Ironically, it was WikiLeaks which helped expose the murderousness of Blackwater mercenaries in Iraq. Apart from the Nisour Square massacre, the WikiLeaks Iraq war files - published on the internet in 2010 - revealed 14 other incidents in which Blackwater guards opened fire on civilians, killing 10 and wounding seven. In one-third of the cases where civilians were unlawfully killed, the operatives were protecting US diplomats as part of a $465 million State Department contract. The files show that Blackwater mercenaries repeatedly shot at civilian vehicles that came close to their convoys. The following are some instances of Blackwater’s barbaric behavior, made public due to WikiLeaks’ Iraq War logs -

  • In August 2006, after being struck by an Improvised Explosive Device (IED) in the southbound lane of a highway, Blackwater contractors shot and killed an Iraqi in the back seat of a vehicle traveling in the northbound lane.
  • In May 2005, a convoy of private security guards from Blackwater riding down Route Irish - the Baghdad airport road - shot an Iraqi vehicle, killing the driver and injuring his wife and daughter.
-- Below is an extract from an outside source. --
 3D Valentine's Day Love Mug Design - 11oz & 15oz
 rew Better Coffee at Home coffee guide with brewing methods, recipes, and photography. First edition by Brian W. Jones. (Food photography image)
  • In February, 2006, as Blackwater mercenaries were escorting US diplomats through Kirkuk, they opened fire on civilians, killing two. Protests erupted in Kirkuk after these murders.
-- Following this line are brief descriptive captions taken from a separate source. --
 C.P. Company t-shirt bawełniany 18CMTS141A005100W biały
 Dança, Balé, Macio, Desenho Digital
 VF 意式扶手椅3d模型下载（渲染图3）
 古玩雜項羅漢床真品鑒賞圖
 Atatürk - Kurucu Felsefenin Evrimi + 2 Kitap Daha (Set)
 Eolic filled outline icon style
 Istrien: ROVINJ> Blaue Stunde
  • In May of 2006, Blackwater guards let loose “uncontrolled fire” in north Baghdad, killing an ambulance driver, Jasem Abed Sarhan. The shooting came as blind retaliation for their vehicle hitting a roadside bomb.
  • In April 2006, Blackwater mercenaries gunned down three civilians in Baghdad, claiming they were insurgents who had escaped.

Free Assange

We live in a world where those who wantonly kill innocent people are pardoned and those who reveal these murderers’ crime are indefinitely jailed. The perversity of this logic should convince anyone who has the slightest concern for humanity’s future to demand the immediate release of Assange. Assange is not guilty of a single crime in any country. Disclosing how the American empire manically bombs harmless individuals is not an offense. Rather, keeping silent about the terroristic behavior of imperialism is a major crime. Hence, we all need to insist that Assange be given bail.